> Data to process:

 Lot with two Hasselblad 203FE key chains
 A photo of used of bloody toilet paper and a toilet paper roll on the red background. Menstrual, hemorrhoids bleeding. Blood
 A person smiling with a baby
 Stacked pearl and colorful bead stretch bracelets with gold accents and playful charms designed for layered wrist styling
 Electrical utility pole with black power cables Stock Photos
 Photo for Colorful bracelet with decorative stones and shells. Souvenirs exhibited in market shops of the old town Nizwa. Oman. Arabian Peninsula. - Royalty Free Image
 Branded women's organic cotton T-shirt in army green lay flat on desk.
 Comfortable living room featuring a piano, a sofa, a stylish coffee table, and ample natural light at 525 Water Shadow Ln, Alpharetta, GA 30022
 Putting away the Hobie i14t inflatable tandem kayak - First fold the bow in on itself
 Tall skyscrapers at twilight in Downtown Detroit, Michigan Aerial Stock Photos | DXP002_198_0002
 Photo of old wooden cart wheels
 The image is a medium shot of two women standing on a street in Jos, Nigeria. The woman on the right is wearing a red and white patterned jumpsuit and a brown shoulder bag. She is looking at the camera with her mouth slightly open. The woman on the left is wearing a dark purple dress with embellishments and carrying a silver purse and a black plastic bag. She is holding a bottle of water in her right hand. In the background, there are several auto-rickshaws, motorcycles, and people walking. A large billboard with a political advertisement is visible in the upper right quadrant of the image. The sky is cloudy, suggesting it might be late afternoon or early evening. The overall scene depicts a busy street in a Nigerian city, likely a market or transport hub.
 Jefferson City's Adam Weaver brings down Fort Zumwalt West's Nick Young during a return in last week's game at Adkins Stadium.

> Work task: Return only the lines of the records in which the string "Stock" appears.

> Exercise solution:
 Electrical utility pole with black power cables Stock Photos
 Tall skyscrapers at twilight in Downtown Detroit, Michigan Aerial Stock Photos | DXP002_198_0002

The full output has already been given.